China Room
Trauma and endurance form the complex legacy passed on by a young woman, trapped in a loveless marriage in Punjab in 1929, to her great-grandson, the descendant of Indian immigrants to Britain, who returns seventy years later to the home where she had suffered.
1929. When Mehar, along with two other brides, is married to one of three brothers in a single ceremony, her mother-in-law denies her the succor of knowing which man beds her at night. While her sisters-in-law submit to this cruel caprice, Mehar sets out to discover her husband’s identity. Her quest for love and insight results in a domestic tragedy that has grave repercussions for her descendants.
1999. An unnamed young man of Asian heritage, freshly arrived from England, retreats to the Indian family estate where the so-called China Room once witnessed the rebellion and subsequent subjugation of his great-grandmother.

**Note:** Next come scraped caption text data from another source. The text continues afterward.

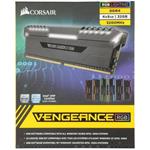 Corsair Vengeance LED RGB 3200MHz, 4x8GB, DDR4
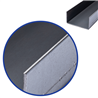 stalen U-profiel 25x50x25x3mm
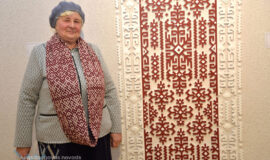 Svētku mēnesis Augšdaugavas novadā tiek ieskandināts ar unikālu izstādi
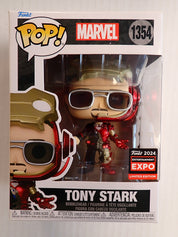 Tony Stark - POP! #1354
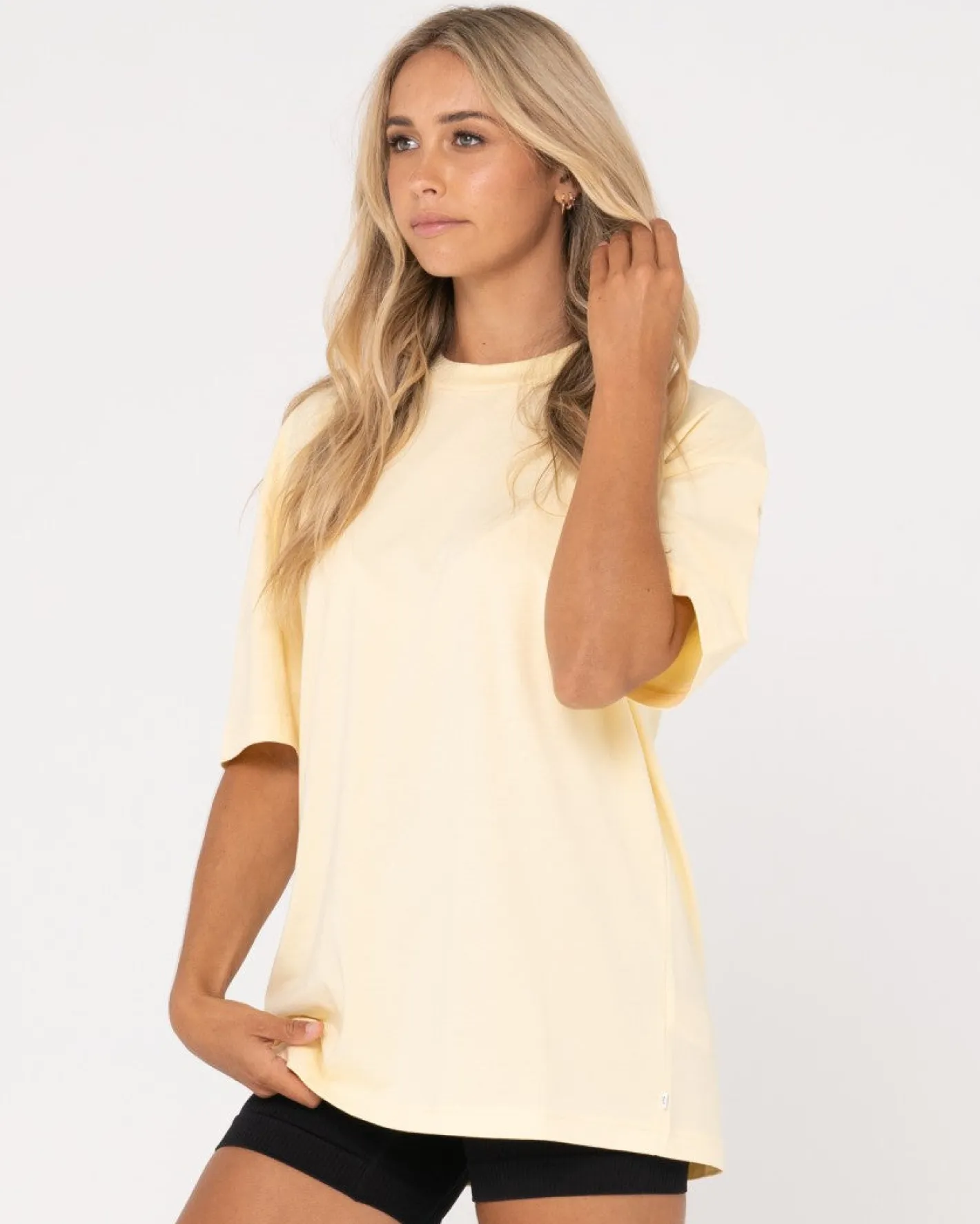 Best Sale Blanks Boyfriend Fit Tee Womens Tees & Tanks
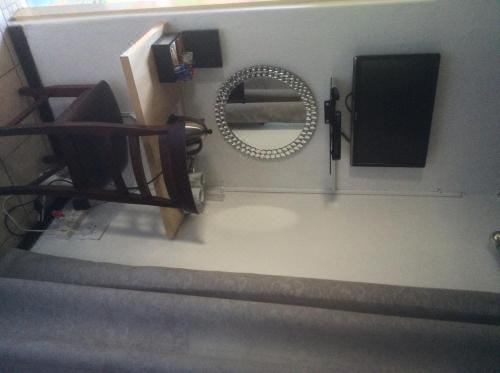 花园景豪华双人间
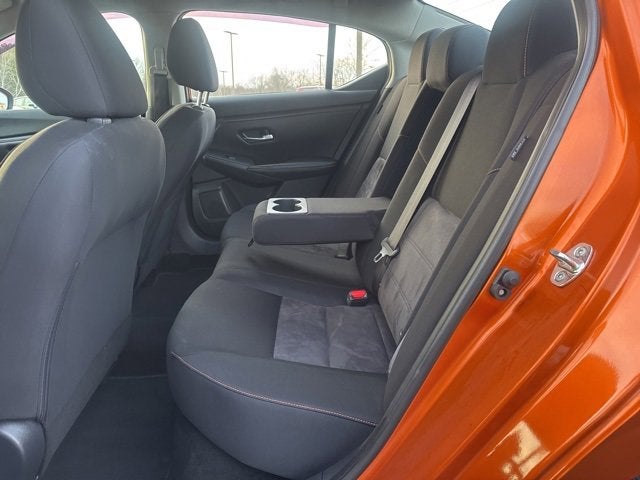 2020 Nissan Sentra SR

Does a return to the place where his ancestor challenged fate allow a young man to overcome his defeatism, caused by the discrimination he experiences in his adopted homeland? The novel contains two strands—one belonging to him, the other to his great-grandmother— which run side by side and don’t connect until the end when a brief aside explains how her actions prompted his exile. While Mehar’s story is told in the third person, and her great-grandson’s is told in the first, both are vividly rendered. Their two voices are distinct; whereas the language in Mehar’s section is lyrical, measured, and historical, the young man’s idiom is modern, fast-paced, direct. Although both accounts are moving, Mehar’s is more memorable, since the oppression she experiences is immediate and familial, rather than general and societal. Although more interweaving between the narrative threads would have been desirable in order to clarify the author’s intent, each reads poignantly. Highly recommended.